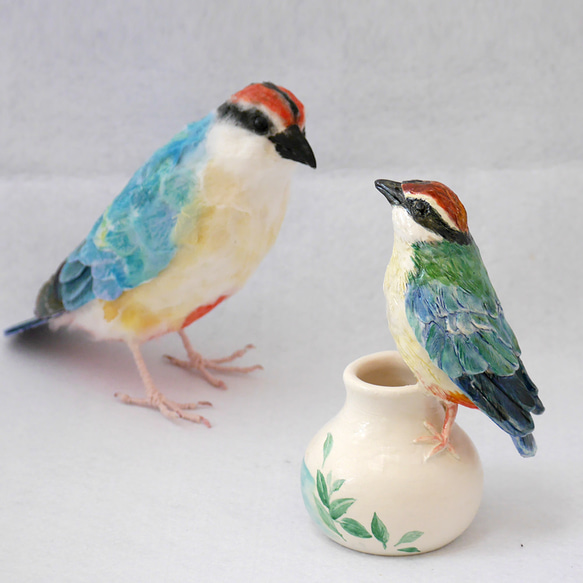陶器の小鳥「八色鳥（ヤイロチョウ）」 14枚目の画像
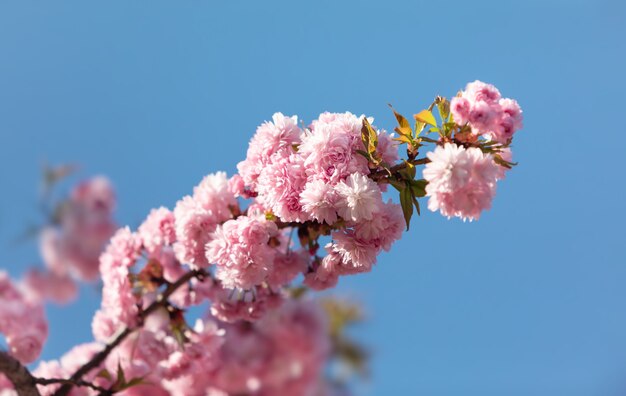 Sakura tree flowers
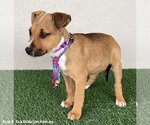 Small #1 Black Mouth Cur Mix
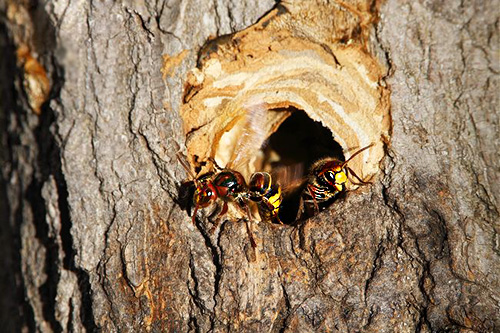 Om hornetterna placerat sin bostad i trädet, hälls en insektsmedel i det ihåliga, och hålet blockeras, till exempel med en kitt eller en trasa.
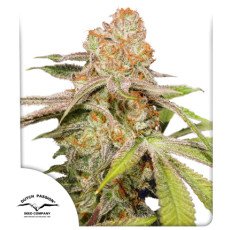 Dutch Passion - Auto MAC #1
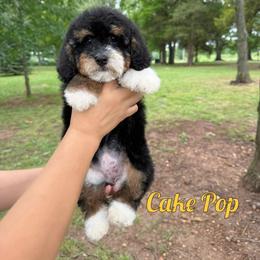 Cake Pop - Tri-color female Bernedoodle puppy in Mount Vernon, Missouri from PoodlelyDoodlely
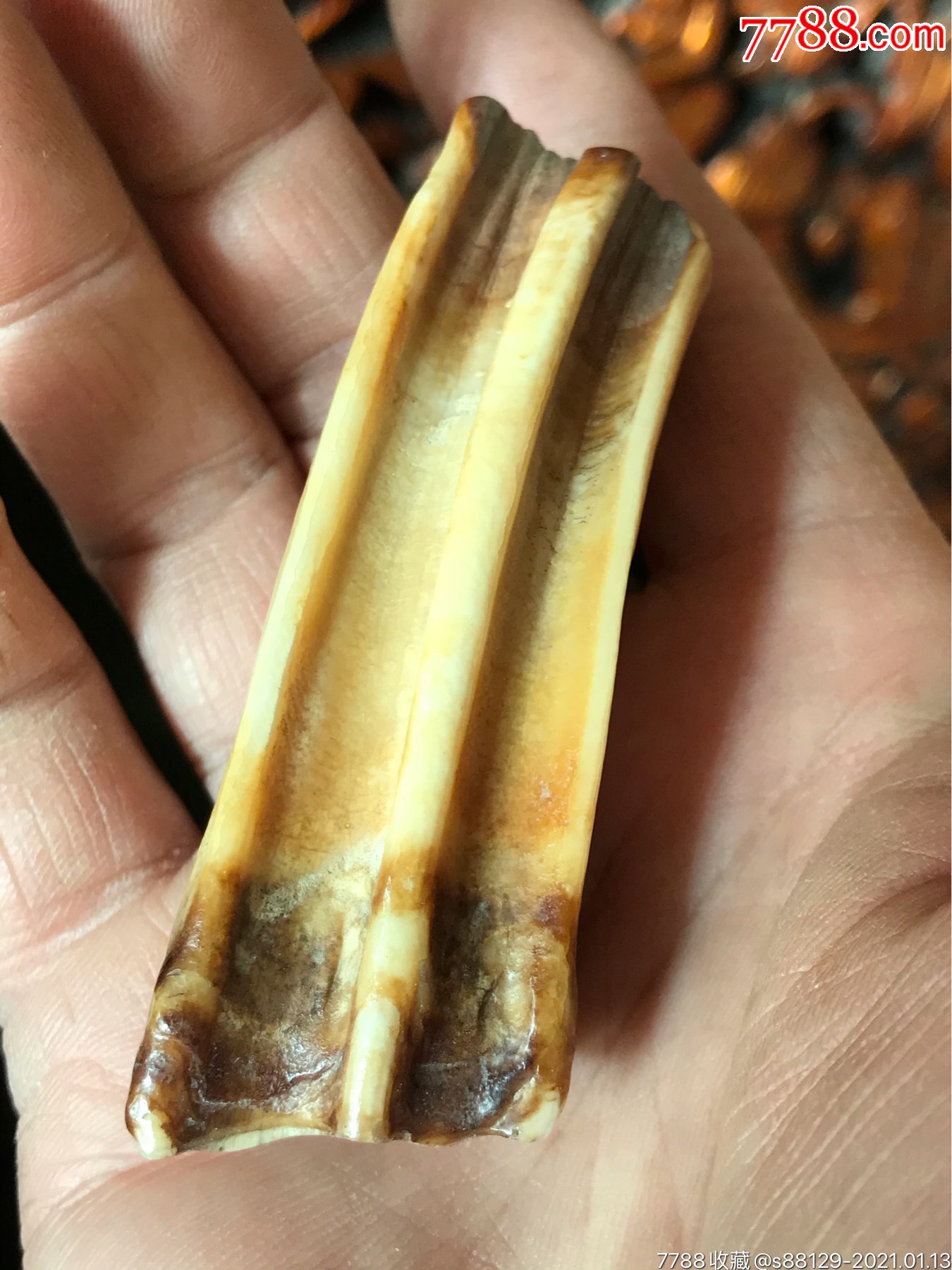文玩龙牙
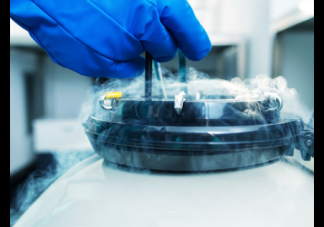 36歲阿sa打針冷凍卵子 冷凍卵子真的靠譜嗎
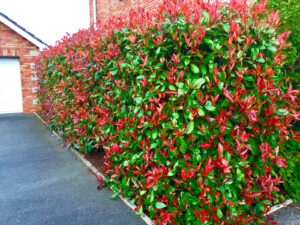 Photinia Red Robin hedge showing red new growth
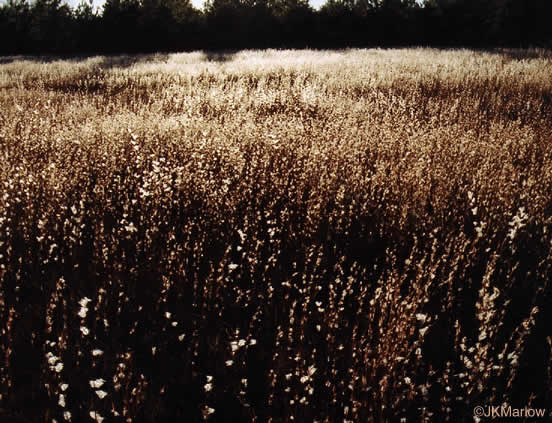 image of Anatherum ternarium, Splitbeard Bluestem, Silvery Bluestem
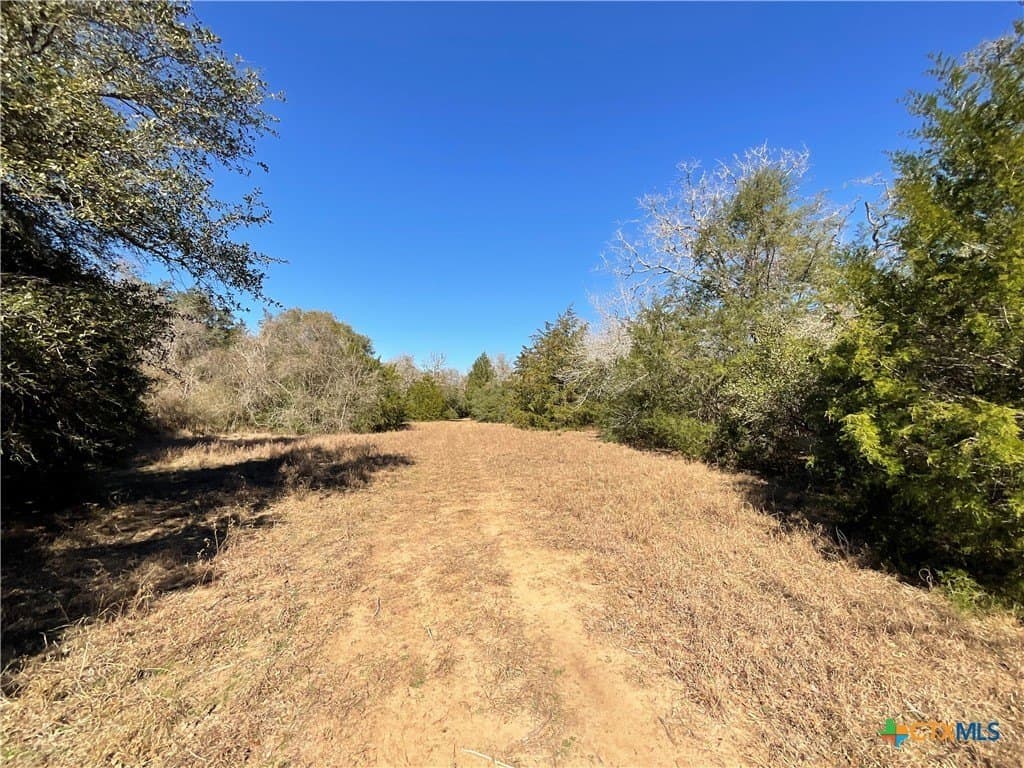 50 acres in Lavaca County - photo 34
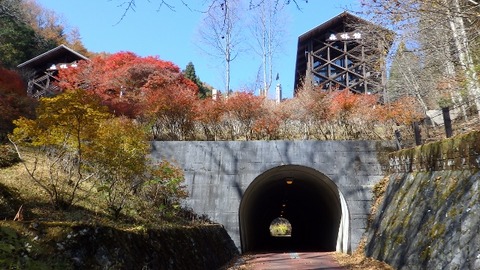PB090382 (640x360)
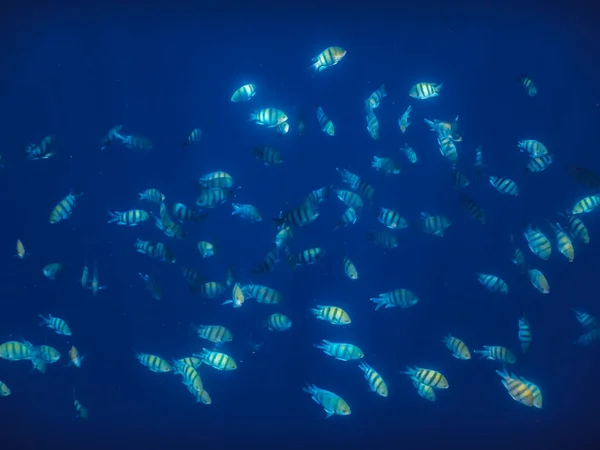 Muchos Pequeños Peces Sargento Indopazific Agua Mar Azul Mientras Bucea — Foto de Stock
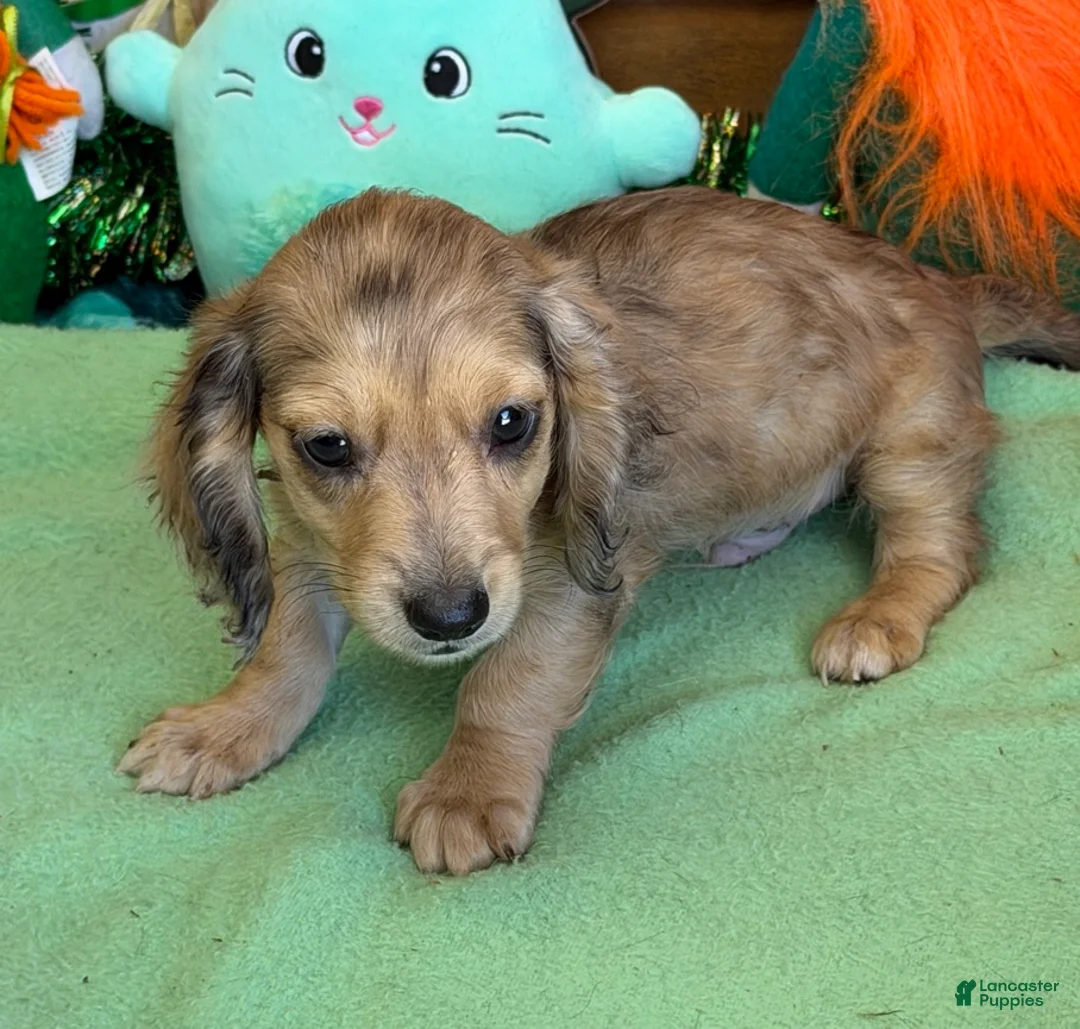 Miniature Dachshund dogs for sale: Louie - Ad 2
-.-.-
EXERCISE PROMPT - Return every entry unchanged and skip the pictures.

YOUR SOLUTION -
陶器の小鳥「八色鳥（ヤイロチョウ）」 14枚目の画像
 Sakura tree flowers
 Small #1 Black Mouth Cur Mix
 Om hornetterna placerat sin bostad i trädet, hälls en insektsmedel i det ihåliga, och hålet blockeras, till exempel med en kitt eller en trasa.
 Dutch Passion - Auto MAC #1
 Cake Pop - Tri-color female Bernedoodle puppy in Mount Vernon, Missouri from PoodlelyDoodlely
文玩龙牙
 36歲阿sa打針冷凍卵子 冷凍卵子真的靠譜嗎
 Photinia Red Robin hedge showing red new growth
 image of Anatherum ternarium, Splitbeard Bluestem, Silvery Bluestem
 50 acres in Lavaca County - photo 34
PB090382 (640x360)
 Muchos Pequeños Peces Sargento Indopazific Agua Mar Azul Mientras Bucea — Foto de Stock
 Miniature Dachshund dogs for sale: Louie - Ad 2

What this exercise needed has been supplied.